The Annelise Park subdivision in Fayetteville, Georgia is about 20 miles south of downtown Atlanta. In late winter, residents noticed their taps were running thin. Showers slowed. Sprinklers stopped reaching the back yard. The county utility opened an investigation, and what it found is now a national story about how loose the audit trail can get when a hyperscale construction site moves faster than the municipality measuring it.
The campus at the end of the trail belongs to Quality Technology Services, the Blackstone-owned developer behind a 615-acre buildout that already comprises 13 buildings totaling roughly 6.2 million square feet. Plans on file would push that to 16 buildings at full term. According to reporting from TechSpot, one water connection feeding the campus had been installed without the utility's knowledge. A second connection existed, but was not tied to a billing account. Together, the two lines pulled about 29 million gallons of municipal water that nobody at the county had recorded.

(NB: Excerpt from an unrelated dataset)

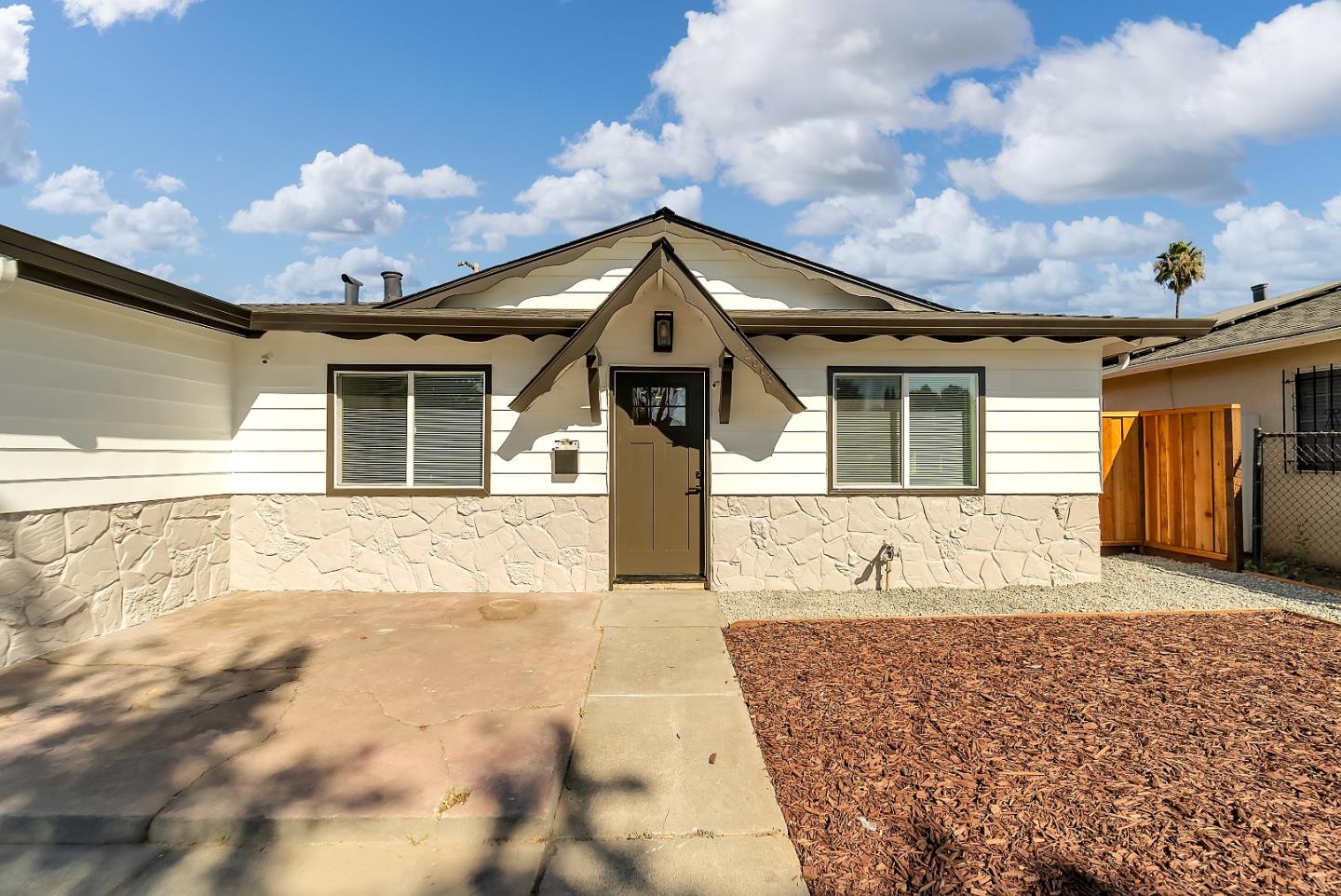 Detail Gallery Image 3 of 24 For 2668 Mozart Ave, San Jose,  CA 95122 - 4 Beds | 2 Baths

The county issued a retroactive bill of $147,474 to cover the consumption. No fine was levied. QTS told reporters the water went to temporary construction activities including concrete work, dust control, and site preparation, all standard for a campus of this scale. County officials and the company disagreed on how long the meters had been unread. The county put the window at about four months. QTS estimated 9 to 15 months.
The headline number is the gallons. The deeper story for the cooling industry is the audit trail.
Data center campuses at this scale rely on water for two distinct functions. Construction water gets consumed and gone. Operational water enters the cooling system and either evaporates in cooling towers or recirculates in closed-loop chillers. Operators draw a hard distinction between those uses when they pitch communities. The thing that the Fayetteville story makes uncomfortable is how easily the operational claims and the actual draw can drift apart when a municipality is not metering reliably.
A 6.2 million square foot campus running evaporative cooling at AI rack densities can consume millions of gallons per day at full load. The 8.4 million gallons per year figure that Microsoft disclosed for its Mount Pleasant facility looks modest by comparison, and that disclosure only happened after environmental advocates sued for it. QTS Fayetteville will be much larger than Mount Pleasant when fully built. If construction draw of 29 million gallons can disappear from county records for over a year, the operational draw from cooling towers will require materially better instrumentation to verify against permits.
Fayetteville is not waiting to find out. The city council had already banned new data centers in every zoning district earlier this year, before the water meter story broke. That decision was driven by broader concerns about the industry's footprint in Fayette County, including the QTS expansion application. The 29 million gallon disclosure landed in an environment that was already hostile to new builds.
The pattern matters because Georgia is not alone. Wisconsin voters now oppose data center construction by a 70-15 margin in recent polling. $64 billion in projects have already been blocked or delayed by local opposition through the first part of 2026. Fayetteville is a textbook case of the political math that comes after a single incident: a county that was permitting expansion last year is enacting a blanket ban this year, and the trigger is water.
The cooling design decision has now become a permitting decision in counties like Fayette. Operators showing up to public hearings with rooftop air handlers and evaporative cooling towers are walking into the same conversation that QTS just lost. Operators showing up with closed-loop chillers, zero-water cooling architectures, or immersion-based designs that eliminate evaporative loss have a different conversation entirely. The thermal architecture that an operator chooses now shapes the political risk of every site in their pipeline.
The Fayette County water department will eventually finish auditing every connection on its system. Every other county in Georgia that is hosting a hyperscaler is going to do the same exercise. Operators who cannot defend their cooling water profile against a meter-by-meter audit are going to lose permits they were counting on.